**Provided entries**.
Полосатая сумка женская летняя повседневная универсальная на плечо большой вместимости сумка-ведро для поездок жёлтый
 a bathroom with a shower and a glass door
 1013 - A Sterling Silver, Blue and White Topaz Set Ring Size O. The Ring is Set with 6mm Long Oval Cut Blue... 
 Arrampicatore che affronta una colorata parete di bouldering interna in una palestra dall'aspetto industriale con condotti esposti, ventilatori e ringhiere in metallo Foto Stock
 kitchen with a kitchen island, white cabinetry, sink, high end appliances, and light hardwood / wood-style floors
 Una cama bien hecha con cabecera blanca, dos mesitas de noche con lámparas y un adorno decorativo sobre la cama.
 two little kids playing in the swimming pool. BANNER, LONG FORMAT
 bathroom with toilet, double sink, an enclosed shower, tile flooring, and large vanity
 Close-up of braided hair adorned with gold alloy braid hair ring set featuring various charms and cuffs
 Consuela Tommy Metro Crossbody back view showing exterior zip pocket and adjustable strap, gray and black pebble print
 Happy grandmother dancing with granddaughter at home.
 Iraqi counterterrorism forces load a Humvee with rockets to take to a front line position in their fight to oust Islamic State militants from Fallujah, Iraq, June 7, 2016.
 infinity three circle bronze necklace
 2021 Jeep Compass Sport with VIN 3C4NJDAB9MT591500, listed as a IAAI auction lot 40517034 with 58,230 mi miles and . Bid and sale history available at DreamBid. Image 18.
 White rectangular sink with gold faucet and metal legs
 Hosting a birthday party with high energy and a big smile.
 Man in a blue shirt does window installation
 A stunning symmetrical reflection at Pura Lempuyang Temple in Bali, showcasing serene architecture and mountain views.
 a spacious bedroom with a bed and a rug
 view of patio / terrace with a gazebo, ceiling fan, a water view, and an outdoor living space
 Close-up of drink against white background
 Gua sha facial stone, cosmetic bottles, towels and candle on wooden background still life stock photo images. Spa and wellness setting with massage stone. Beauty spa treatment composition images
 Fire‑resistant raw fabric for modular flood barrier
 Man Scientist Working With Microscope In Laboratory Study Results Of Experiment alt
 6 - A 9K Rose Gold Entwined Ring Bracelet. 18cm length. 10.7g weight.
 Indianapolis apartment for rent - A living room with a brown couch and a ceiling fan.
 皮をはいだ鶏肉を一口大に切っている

**Work to be completed**.
What is needed is a verbatim copy of every line in the records above from the one containing "White rectangular sink" down to the one containing "a spacious bedroom with a bed and a rug", both included, and nothing more.

**Task answer**.
 White rectangular sink with gold faucet and metal legs
 Hosting a birthday party with high energy and a big smile.
 Man in a blue shirt does window installation
 A stunning symmetrical reflection at Pura Lempuyang Temple in Bali, showcasing serene architecture and mountain views.
 a spacious bedroom with a bed and a rug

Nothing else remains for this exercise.